No matter how DF2 formed, the team’s findings demonstrate that dark matter is indeed a physical building block that can be separated from baryonic matter, and, as a result, the findings also cast doubt on some alternative theories to dark matter. One such theory is known as modified Newtonian dynamics (MOND), which aims to eliminate the need for dark matter by proposing that the gravitational force acts differently on low-acceleration objects, such as those found on the outer fringes of galaxies.
“This result poses a very strong challenge to MOND,” explained Yotam Cohen, an astronomy graduate student at Yale and co-author of the study, on the news-sharing site Reddit. “In MOND, the extra gravitational forces observed on galactic scales are woven into the equations, meaning that wherever you see galaxies, you should see the effect of the modified gravity. However, in this galaxy, there is no need for the extra gravity to explain its kinematics. In other words, this suggests that galaxies and dark matter are separable components and, by extension, that dark matter is a material substance, which is the opinion of the majority of professional astronomers.”

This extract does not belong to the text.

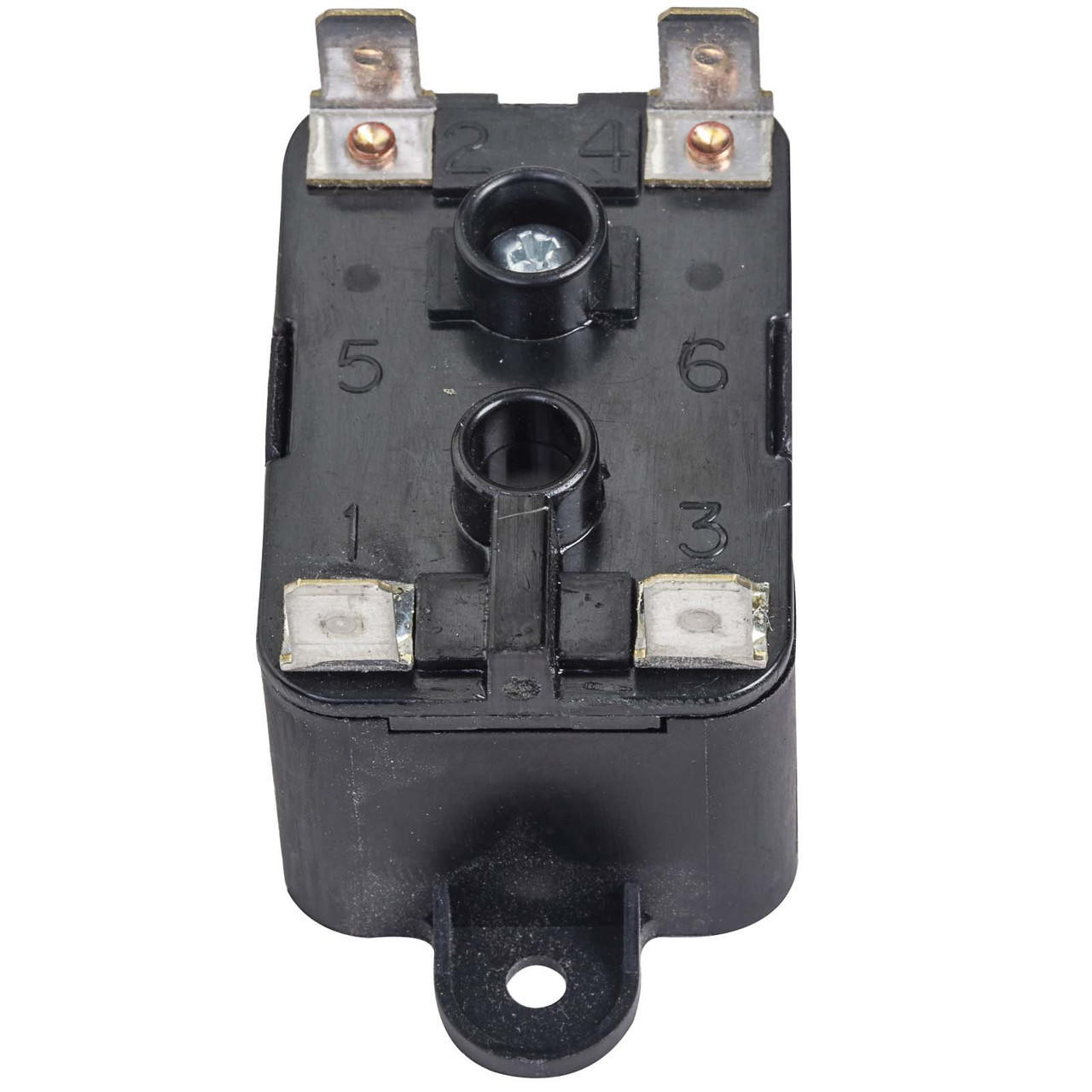 J10R03410 Power Vent Relay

But before astronomers can make any sweeping conclusions about the true nature of our universe, the study’s extraordinary findings must first be verified and replicated. At this point, the team is already busy analyzing more Hubble images of dim and diffuse galaxies similar to DF2. “We currently have a sample of about 20 other low-surface-brightness galaxies identified with Dragonfly and subsequently followed up with HST imaging,” Cohen told Astronomy via email. “Among these objects, there are a few that have similar brightness and structure to NGC1052-DF2, but none quite as spectacular and none with quite as many star cluster candidates.”

Though there have been several recent challenges to our current understanding of dark matter — such as the finding that satellite galaxies move together in an orderly fashion instead of randomly, as dark-matter models predict — this is not necessarily a bad thing. Instead, it simply means that our current understanding of dark matter is not entirely correct. This should not be a complete surprise considering we have yet to detect direct evidence of the elusive material. Confusing results force scientists to look at a problem in different ways, which typically leads them to revise and update their theories so they better describe reality.

After all, to paraphrase Isaac Asimov, the most exciting phrase to hear in science is not ‘Eureka,’ but rather, ‘hmm… that’s odd.’